Davis was ultimately diagnosed with three separate but often co-occurring gastrointestinal disorders: celiac disease, ulcerative colitis, and exocrine pancreatic insufficiency (EPI). Her first diagnosis, celiac disease, came in 2004. Celiac disease is marked by the inability to digest and absorb gluten, a protein found in wheat, rye, and barley. Symptoms may include abdominal bloating, pain, and diarrhea, according to the Celiac Disease Foundation. Treatment typically involves eating a gluten-free diet. For about five years, this diagnosis and management plan worked for Davis, but then something changed. “I was eating gluten-free and then my symptoms, such as weight loss and frequent bowel movements, started coming back,” she says. “I knew there was something else going on.” And there was. In 2009, Davis was diagnosed with ulcerative colitis, a chronic disease where the lining of the large intestine is inflamed. Symptoms can include loose and bloody bowel movements, persistent diarrhea, abdominal pain, fatigue, and weight loss, according to the Crohn’s and Colitis Foundation of America. Testing for colitis also confirmed inflammation and scarring in Davis’s pancreas that had developed after multiple bouts of acute pancreatitis (inflammation of the pancreas). Davis was treated for the colitis but still experienced weight loss, frequent bowel movements, and fat in her stool, as well as several more episodes of pancreatitis. It was clear the puzzle was not yet solved. In July 2011, Davis was diagnosed with EPI caused by pancreatitis. “It was sort of a relief to put a name on it,” she says.

Enzymes and EPI

“EPI can be caused by pancreatitis and it can coexist with celiac disease and inflammatory bowel diseases such as Crohn’s disease and ulcerative colitis,” says Mohamed Othman, MD, professor of medicine at Baylor College of Medicine in Houston. The pancreas produces enzymes that aid in digestion, Dr. Othman says. People with EPI don’t produce enough of these enzymes, so they can’t digest food properly, according to the National Pancreas Foundation. EPI symptoms can include frequent diarrhea, weight loss, oily stools that float, gas, bloating, and abdominal pain. These symptoms are similar to those caused by other gastrointestinal disorders, he says. “These enzymes are needed to break down fat, protein, and carbohydrates into smaller molecules,” Othman says. “Without sufficient enzymes, food goes undigested and nutritional deficiencies can develop.” What’s more, when too much fat builds up in the intestines, pain, gas, diarrhea, and fatty stools can result.

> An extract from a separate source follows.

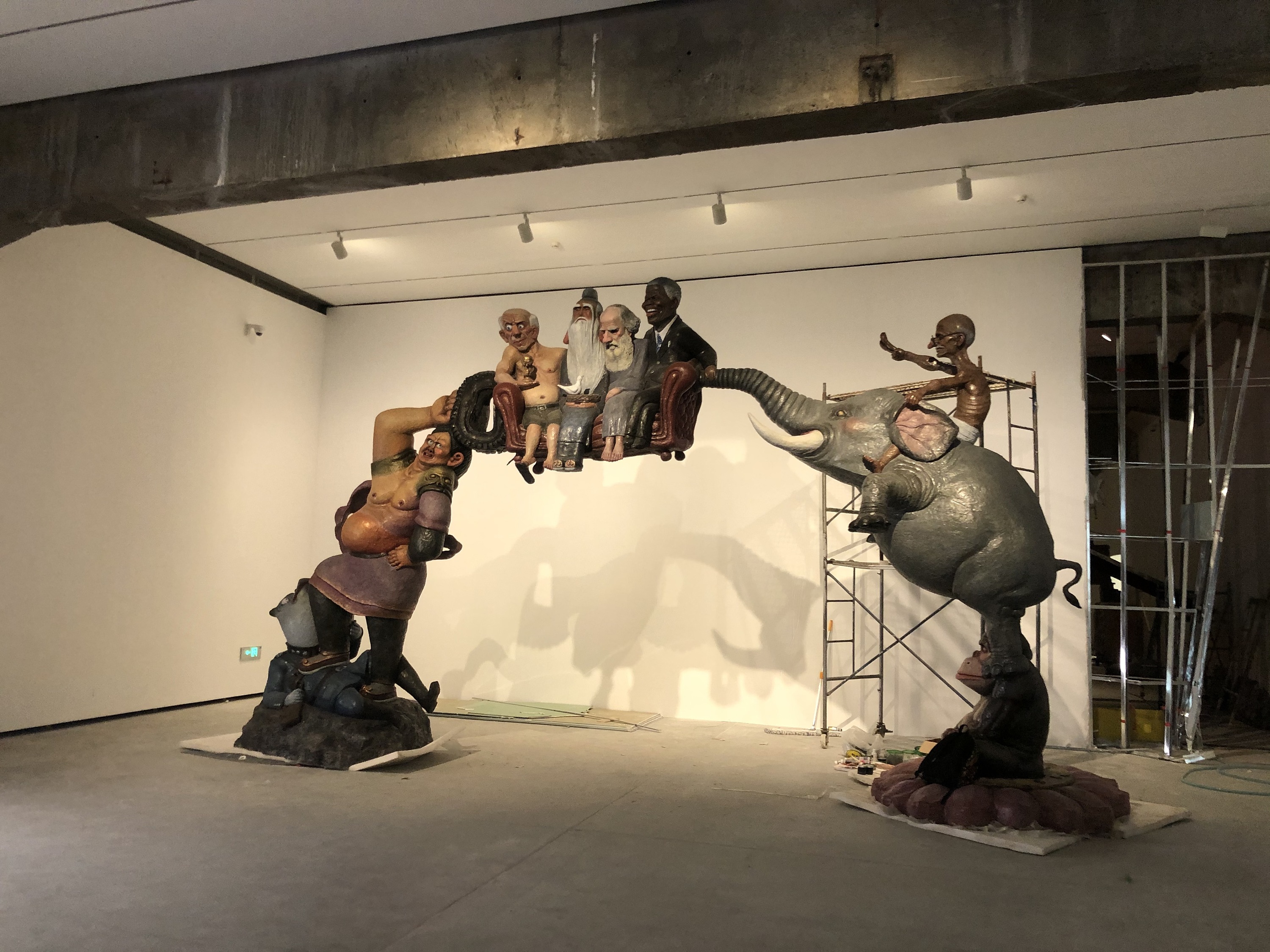 大型雕塑作品展将于12月-29日在北京民生美术馆开幕，京美视觉团队执行视觉呈现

The Path to an EPI Diagnosis

Diagnosing EPI isn’t always easy, Othman says. “Sometimes you can see fat in stool and that the pancreas is calcified on diagnostic scans, but other times the scans look normal and the person may not see fat in their stool,” he says. The main EPI diagnosis tests measure the amount of pancreatic enzymes in stool (fecal elastase), the amount of fat in the stool, or they conduct an evaluation of pancreatic secretion (via an endoscopic pancreatic function test, in which a long tube is inserted down the throat and into the stomach to collect samples). Diagnostic scans may be used to look for inflammation and scarring of the pancreas. For Davis, initial scans had shown enough inflammation in her pancreas. This, along with fatty stools, was enough to warrant a trial of replacement pancreatic enzymes. “As far as testing for EPI, I didn’t have any specific stool tests or blood tests because it was already known that I had multiple bouts of pancreatitis that had basically worn my pancreas out,” she says. “The enzymes were started based on my symptoms and history alone.” Today, Davis still takes replacement enzymes and eats gluten-free but otherwise follows what she describes as a “pretty normal diet” to control EPI symptoms. “There’s some trial and error,” she says. If she notices fat in her stool or any symptoms returning, she tries to tweak her diet. Communication with her doctor has been key throughout Davis’s journey to figure out what was causing her symptoms. Her advice to others: “Don’t be afraid to tell your doctor what’s going on."